How the DNA Vaccine Works
Unlike traditional vaccines, this nose-delivered DNA vaccine fuses two genes to direct the immune system specifically toward these drug-tolerant persisters. In a study published in the Journal of Clinical Investigation, lead author Styliani Karanika, M.D., reported that when administered alongside first-line TB drug therapy in mice, the vaccine:

- Helped clear disease bacteria faster.
- Reduced inflammation in the lungs.
- Prevented relapse after the treatment period concluded.
Innovative Delivery and Specialized Research at Oxford
The Jenner Institute at the University of Oxford is exploring whether the route of administration can improve the efficacy of the existing BCG vaccine. Since TB is naturally contracted by inhaling droplets into the lungs, researchers are testing whether delivering BCG via inhalation is more effective than the traditional skin injection.
Focus on High-Risk Populations
Oxford’s research also addresses specific vulnerabilities, particularly in patients with Type 2 Diabetes. Evidence suggests that people with Type 2 Diabetes are more susceptible to TB, potentially because the BCG vaccine does not stimulate as strong an immune response in this group. A current study is recruiting volunteers with and without Type 2 Diabetes to evaluate how different administration methods—skin injection versus inhalation—affect the immune response over a six-month period.
The Global Pipeline: Phase 3 Clinical Trials
The push for a more effective vaccine has reached a critical milestone with the Bill & Melinda Gates Medical Research Institute initiating a Phase 3 clinical trial of a tuberculosis vaccine candidate. Phase 3 trials are essential for confirming safety and effectiveness in large populations before a vaccine can be approved for widespread use.
- BCG Limitations: Effective against meningitis but lacks strong protection for lung TB and does not last a lifetime.
- Therapeutic Approach: Johns Hopkins is testing a DNA vaccine to eliminate “persister” bacteria that cause relapse.
- Delivery Innovation: Oxford is testing inhaled BCG to better mimic the natural route of infection.
- Clinical Progress: The Bill & Melinda Gates Medical Research Institute has moved a vaccine candidate into Phase 3 trials.
Frequently Asked Questions
What are TB “persisters”?
Persisters are drug-tolerant bacteria that can survive standard antibiotic treatments. Because they remain dormant or resistant, they can cause the disease to return even after a patient has completed their medication course.

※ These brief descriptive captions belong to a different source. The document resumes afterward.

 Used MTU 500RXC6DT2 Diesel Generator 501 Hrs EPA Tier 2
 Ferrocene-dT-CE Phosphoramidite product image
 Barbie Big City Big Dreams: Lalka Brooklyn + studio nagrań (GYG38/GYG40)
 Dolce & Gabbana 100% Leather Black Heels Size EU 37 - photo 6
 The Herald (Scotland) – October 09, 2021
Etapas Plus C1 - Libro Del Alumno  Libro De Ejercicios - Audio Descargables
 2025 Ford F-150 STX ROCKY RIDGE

Why is an inhaled vaccine being tested?
Because TB enters the body through the lungs, researchers believe that delivering the vaccine via inhalation may better stimulate the immune system in the specific area where the infection occurs.
Is the DNA vaccine a replacement for antibiotics?

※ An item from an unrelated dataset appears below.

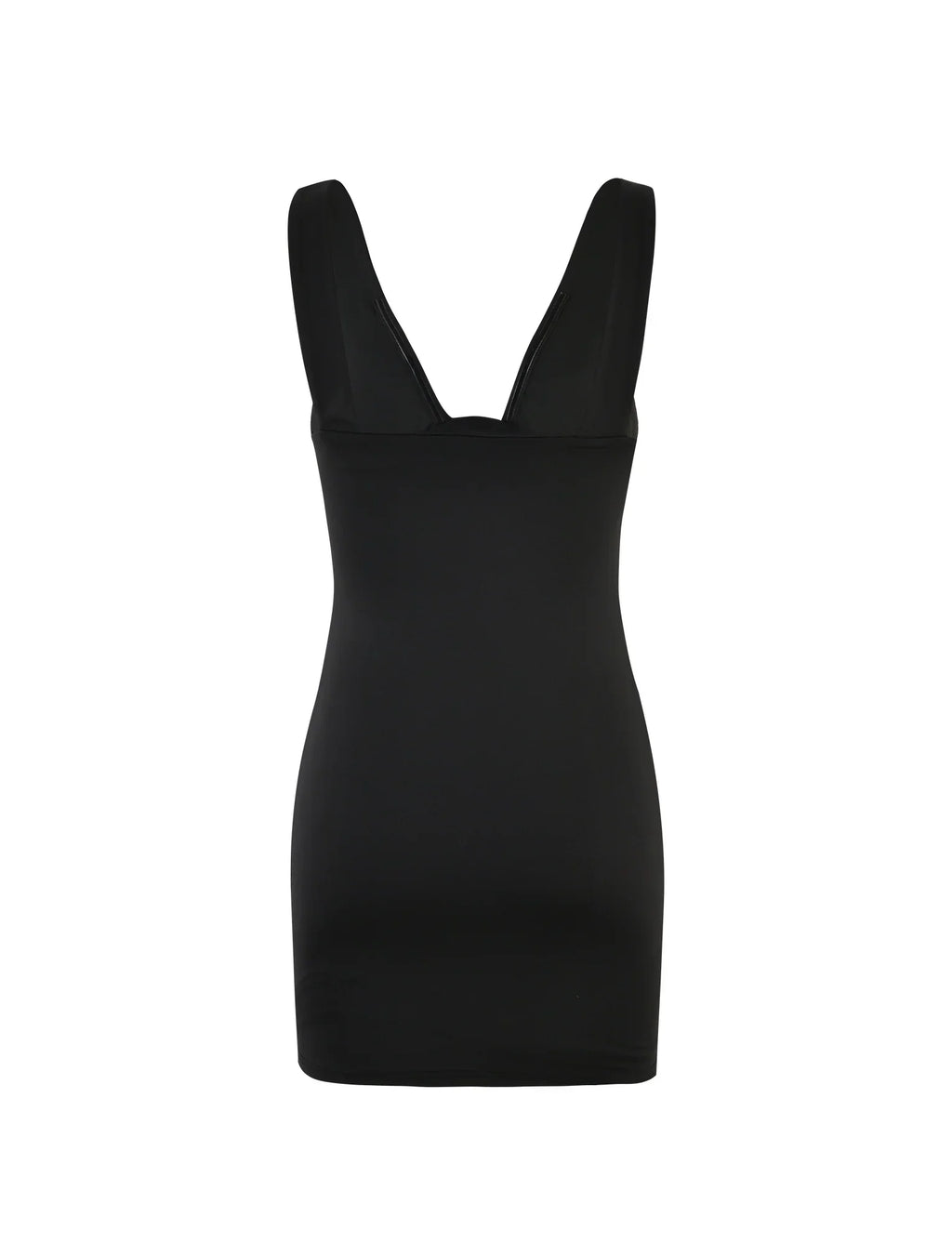 LUNARIA MINI DRESS - BLACK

No. The Johns Hopkins DNA vaccine is designed as a therapeutic vaccine, meaning it is intended to be used alongside first-line drug therapy to improve outcomes and prevent relapse, not to replace antibiotics.
The Path Forward
The transition from a single, century-old vaccine to a diversified strategy—including therapeutic DNA vaccines, inhaled boosters, and new Phase 3 candidates—marks a pivotal shift in tuberculosis research. By targeting drug-tolerant bacteria and optimizing delivery methods, the medical community is moving closer to reducing the global burden of this infectious disease.